一つ目、「朧夜の底」は、本屋という身近なところで起きたことが題材になっているからか、人間の心根の怖さ、のようなものが強く迫ってきました。
「朧夜の 底を行くなり 雁の声」というとりあげられる歌自体も、とても好きになったのですが、この歌から受ける「大きい」という印象と、この話自体の底しれなさ、人の心根は想像よりもずっとずっと捕えがたく、朧夜のように霞んでいる、というようなことが、上手くリンクしているように感じました。北村さんは凄い。
二つ目、「六月の花嫁」こちらは、とても可愛らしくもあって、心温まる作品でした。
久しぶりに、一部ですけど、答えを読む前に分かることがあって、それも嬉しかったです。
円紫さんと主人公との会話のやりとりも、和やかで、読んでいてとても楽しかった。
歌も色々と出てきて、それも、楽しく読みました。
三つ目、「夜の蝉」これは、扉の「−時の流れに」が効いているな、扉の一文、ってこんなに奥深く使われることがあるんだな、って初めて思いました。
主人公の私と姉の間に流れた、20年程の時の流れ。
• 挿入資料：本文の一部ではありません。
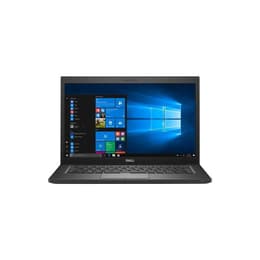 Dell Latitude 7280 12" Core i5 2.6 GHz - SSD 128 GB - 8GB QWERTY - Englisch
それが、凄く響いてくる。
姉の心境の変化、そして、主人公の姉への想いの変化。
それはまさに、時の流れと共にあり、これからも、時の流れと共にある。
私は一人っ子なので、姉妹の関係性の奥深さに少し触れさせてもらったような気持ちになって、そういう意味でも、とても面白かったです。
読めて良かった、としみじみと思える短編集でした。
ミステリなのに、人の心のことが書かれている。
私はきっと、そういう作品が好きなんだろうなあ、と思います。